Pictures stay out of the copy; output exactly the lines from the one containing "Low maintenance North" through the end of the material.

- Given information
====

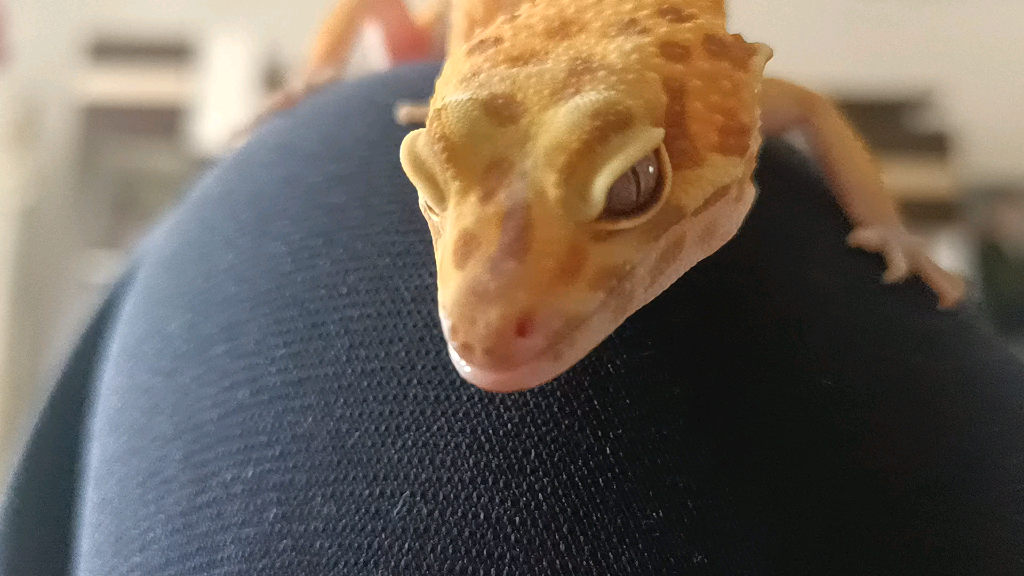 豹纹守宫眼睛特写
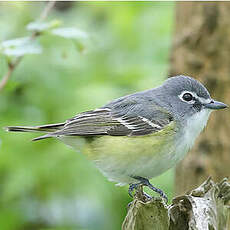 Viréo à tête bleue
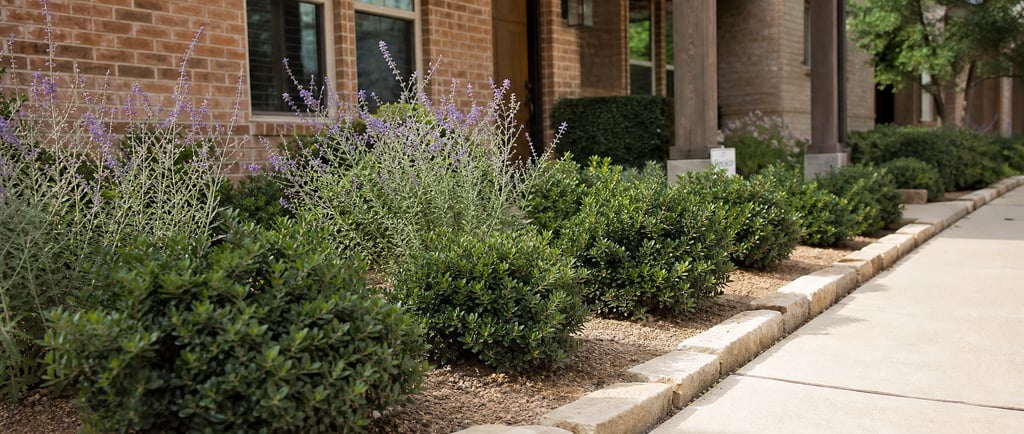 Low maintenance North Texas shrub bed with dwarf yaupon holly, Texas sage, mulch, and limestone edging beside a brick home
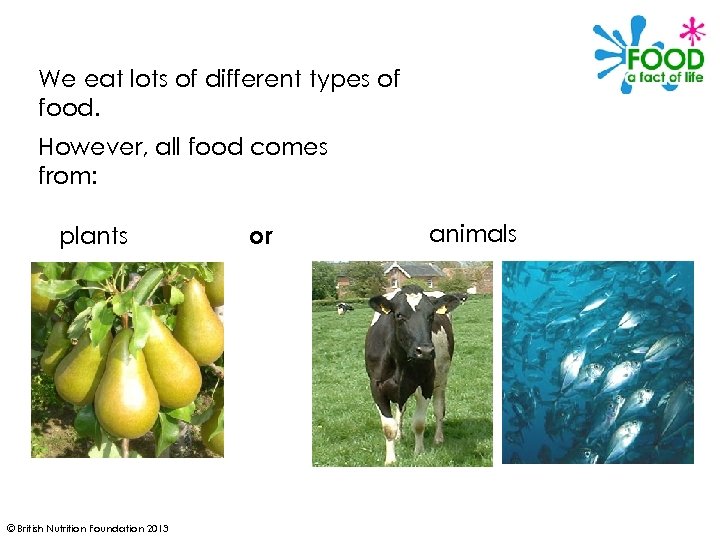 We eat lots of different types of food. However, all food comes from: plants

====

- Reply to the exercise
 Low maintenance North Texas shrub bed with dwarf yaupon holly, Texas sage, mulch, and limestone edging beside a brick home
 We eat lots of different types of food. However, all food comes from: plants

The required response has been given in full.